RECORDS FOR THIS EXERCISE:

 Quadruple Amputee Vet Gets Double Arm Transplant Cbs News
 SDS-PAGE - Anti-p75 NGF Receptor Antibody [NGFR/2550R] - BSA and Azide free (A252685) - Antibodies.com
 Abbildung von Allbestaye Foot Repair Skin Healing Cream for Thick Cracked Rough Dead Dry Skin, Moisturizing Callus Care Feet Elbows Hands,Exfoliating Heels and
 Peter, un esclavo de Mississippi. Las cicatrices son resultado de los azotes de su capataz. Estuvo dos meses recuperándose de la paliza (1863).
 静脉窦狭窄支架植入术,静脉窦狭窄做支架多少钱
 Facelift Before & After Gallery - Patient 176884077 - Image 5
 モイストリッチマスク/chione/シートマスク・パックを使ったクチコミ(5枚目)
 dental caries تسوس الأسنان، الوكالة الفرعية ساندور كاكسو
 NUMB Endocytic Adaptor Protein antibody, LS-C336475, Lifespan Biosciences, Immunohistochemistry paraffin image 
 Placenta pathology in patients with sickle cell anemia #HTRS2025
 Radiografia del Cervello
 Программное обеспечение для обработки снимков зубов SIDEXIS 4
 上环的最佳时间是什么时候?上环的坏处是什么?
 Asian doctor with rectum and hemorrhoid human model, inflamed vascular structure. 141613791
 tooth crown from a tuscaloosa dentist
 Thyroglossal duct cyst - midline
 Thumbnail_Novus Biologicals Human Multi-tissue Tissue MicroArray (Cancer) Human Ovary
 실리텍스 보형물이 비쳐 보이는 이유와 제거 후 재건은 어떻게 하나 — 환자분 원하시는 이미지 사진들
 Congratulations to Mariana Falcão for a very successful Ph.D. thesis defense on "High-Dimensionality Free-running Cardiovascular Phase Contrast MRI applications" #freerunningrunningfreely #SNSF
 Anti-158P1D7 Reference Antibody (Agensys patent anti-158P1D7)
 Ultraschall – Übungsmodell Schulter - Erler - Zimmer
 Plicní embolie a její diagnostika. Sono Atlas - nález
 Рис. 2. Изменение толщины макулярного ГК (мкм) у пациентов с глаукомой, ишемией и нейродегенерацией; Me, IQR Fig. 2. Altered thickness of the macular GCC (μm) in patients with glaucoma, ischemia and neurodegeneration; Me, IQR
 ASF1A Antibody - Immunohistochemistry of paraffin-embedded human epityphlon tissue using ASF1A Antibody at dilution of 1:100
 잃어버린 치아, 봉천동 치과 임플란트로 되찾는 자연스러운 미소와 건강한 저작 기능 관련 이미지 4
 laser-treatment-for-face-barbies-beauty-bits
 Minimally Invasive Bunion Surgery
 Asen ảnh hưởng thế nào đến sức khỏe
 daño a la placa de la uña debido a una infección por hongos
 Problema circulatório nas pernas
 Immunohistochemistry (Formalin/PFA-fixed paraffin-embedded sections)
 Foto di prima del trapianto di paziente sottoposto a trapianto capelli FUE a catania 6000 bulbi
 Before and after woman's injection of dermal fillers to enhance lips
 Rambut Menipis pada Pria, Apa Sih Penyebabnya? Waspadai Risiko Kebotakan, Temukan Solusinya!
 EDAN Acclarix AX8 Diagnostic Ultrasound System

WORK TO COMPLETE: Which lines in the records above hold the string "embedded"? Copy each of them.

EXERCISE SOLUTION:
 ASF1A Antibody - Immunohistochemistry of paraffin-embedded human epityphlon tissue using ASF1A Antibody at dilution of 1:100
 Immunohistochemistry (Formalin/PFA-fixed paraffin-embedded sections)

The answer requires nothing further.